(What to work on): Copy out all of the data word for word. Omit every picture.
|---|
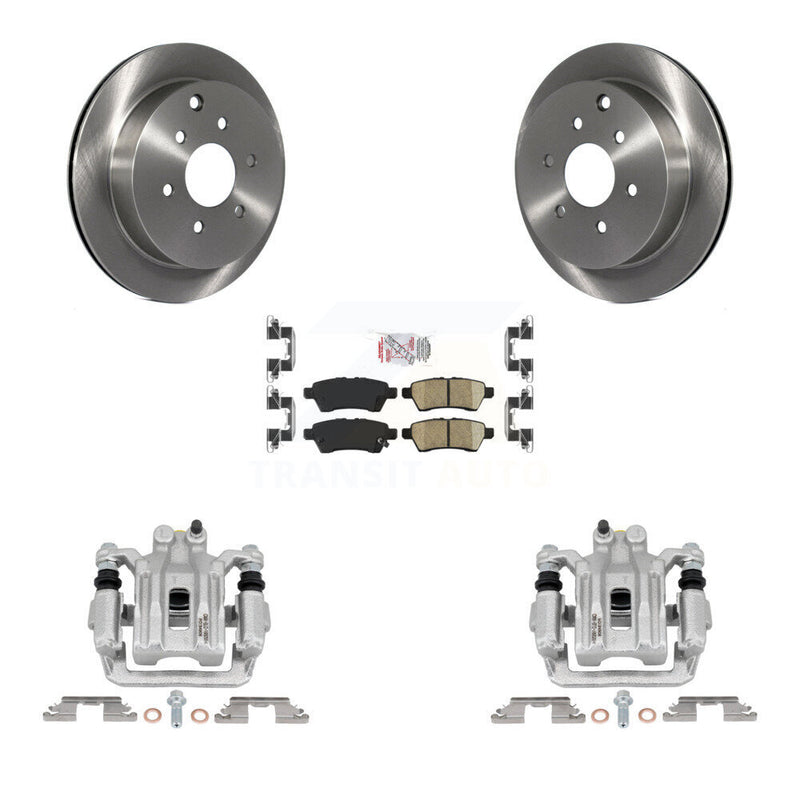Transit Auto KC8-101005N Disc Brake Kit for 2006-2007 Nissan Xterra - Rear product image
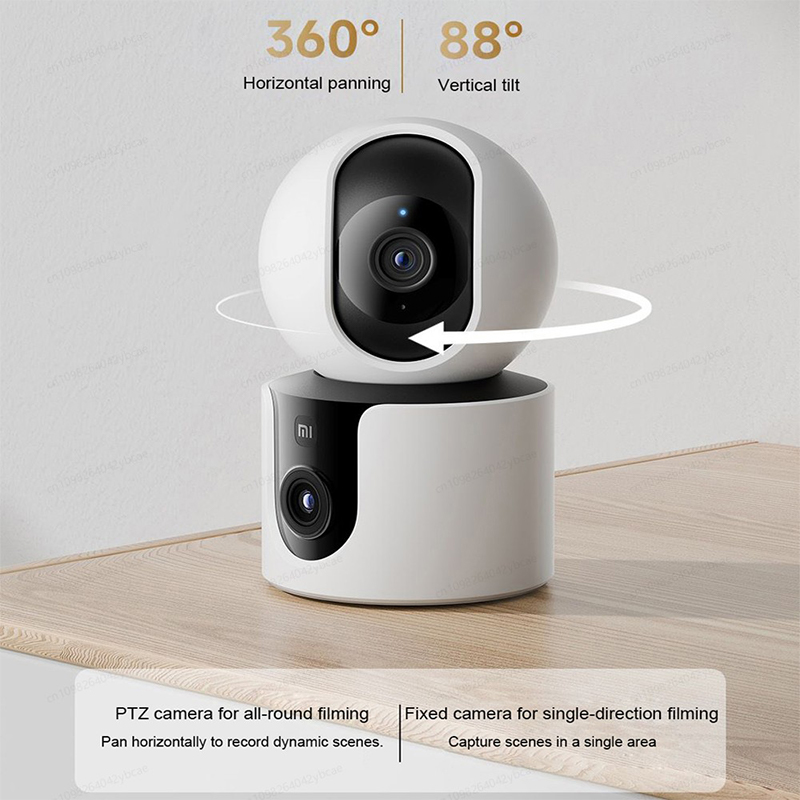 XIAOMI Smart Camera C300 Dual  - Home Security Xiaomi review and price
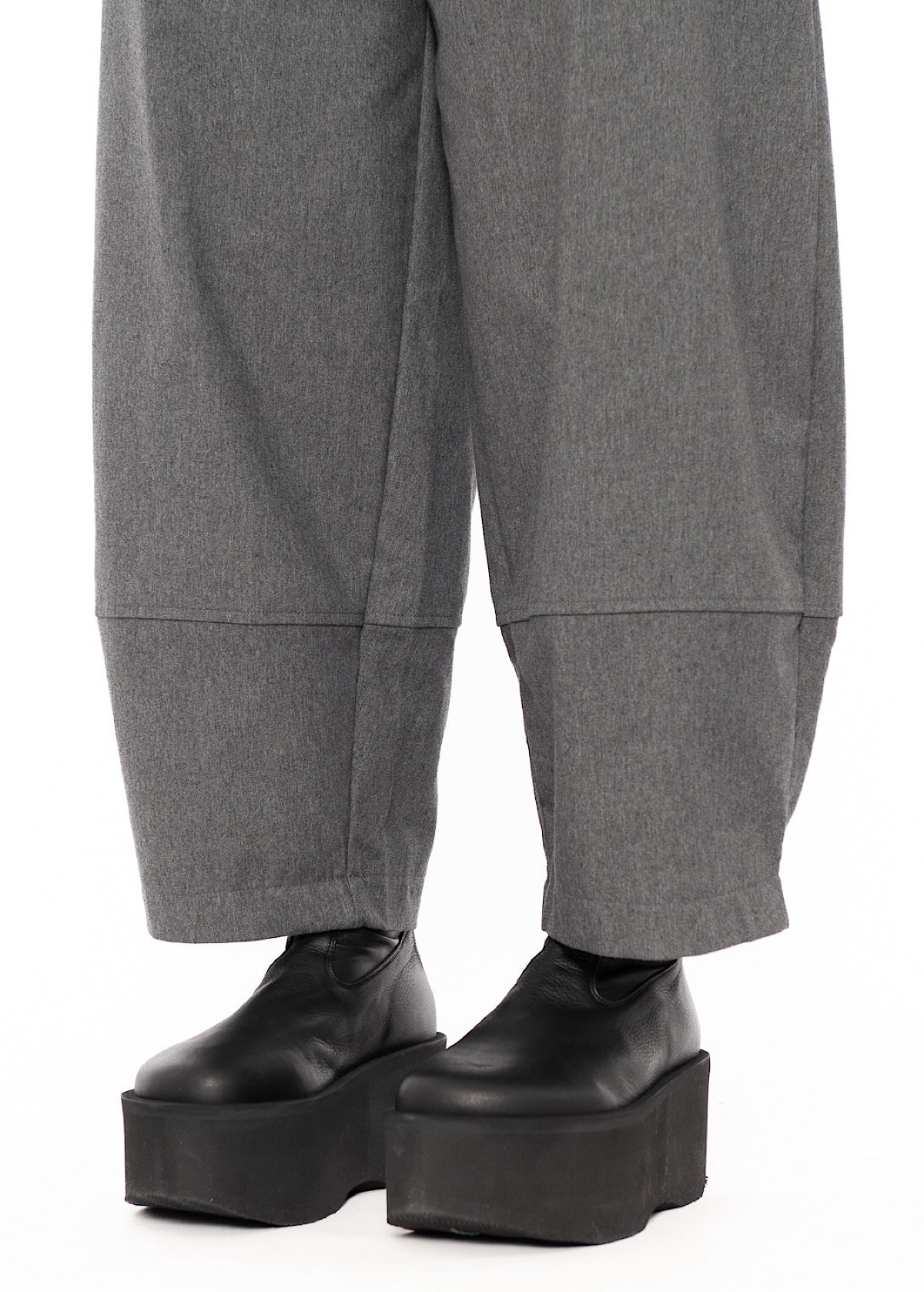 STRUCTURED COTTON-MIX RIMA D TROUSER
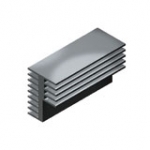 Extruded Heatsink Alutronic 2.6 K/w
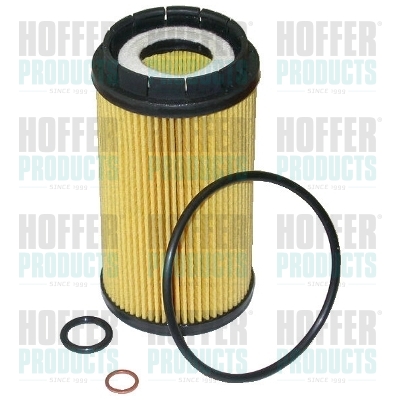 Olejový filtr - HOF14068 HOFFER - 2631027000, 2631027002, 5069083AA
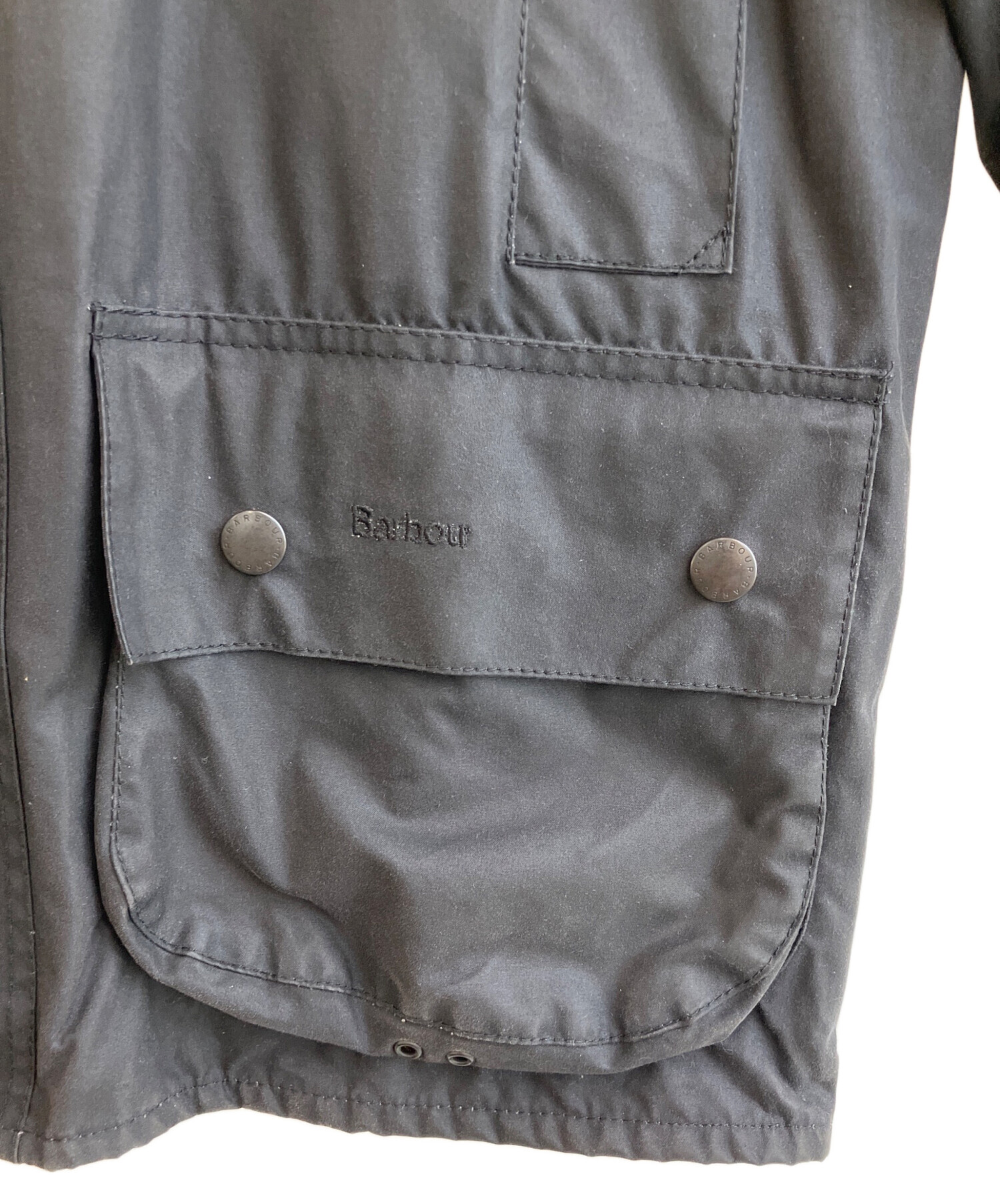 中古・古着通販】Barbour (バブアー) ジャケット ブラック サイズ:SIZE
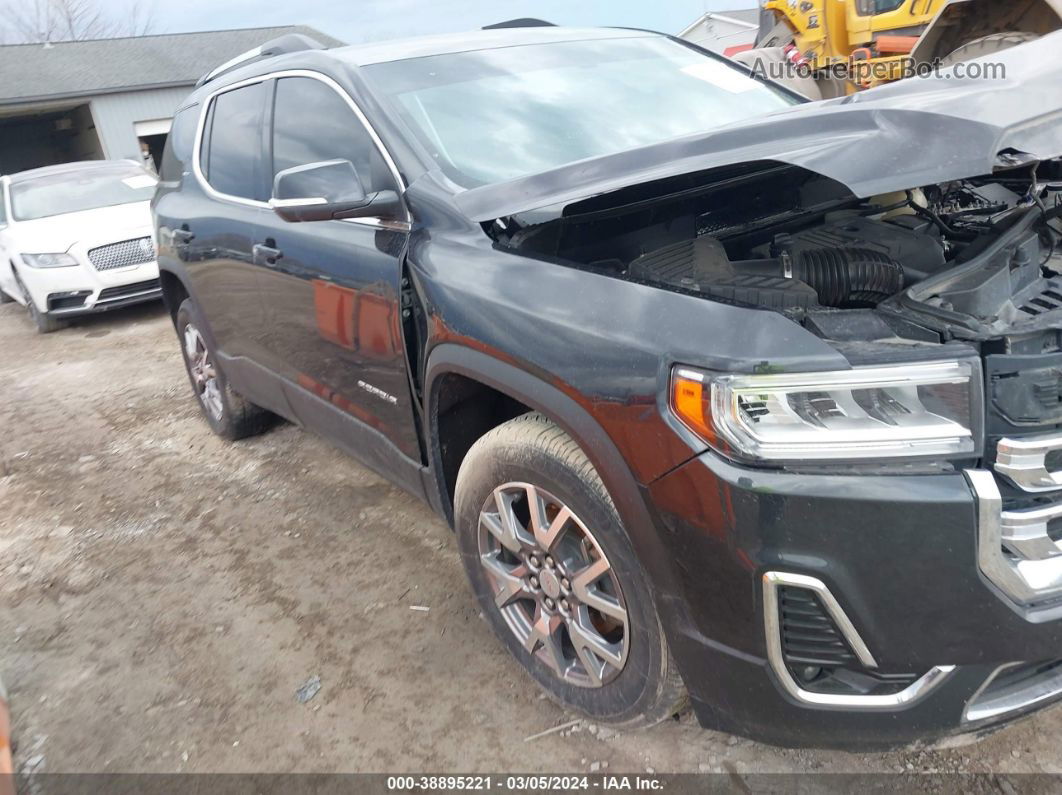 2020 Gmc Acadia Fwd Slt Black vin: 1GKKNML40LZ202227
|---|
(Task answer):
Transit Auto KC8-101005N Disc Brake Kit for 2006-2007 Nissan Xterra - Rear product image
 XIAOMI Smart Camera C300 Dual  - Home Security Xiaomi review and price
 STRUCTURED COTTON-MIX RIMA D TROUSER
 Extruded Heatsink Alutronic 2.6 K/w
 Olejový filtr - HOF14068 HOFFER - 2631027000, 2631027002, 5069083AA
 中古・古着通販】Barbour (バブアー) ジャケット ブラック サイズ:SIZE
 2020 Gmc Acadia Fwd Slt Black vin: 1GKKNML40LZ202227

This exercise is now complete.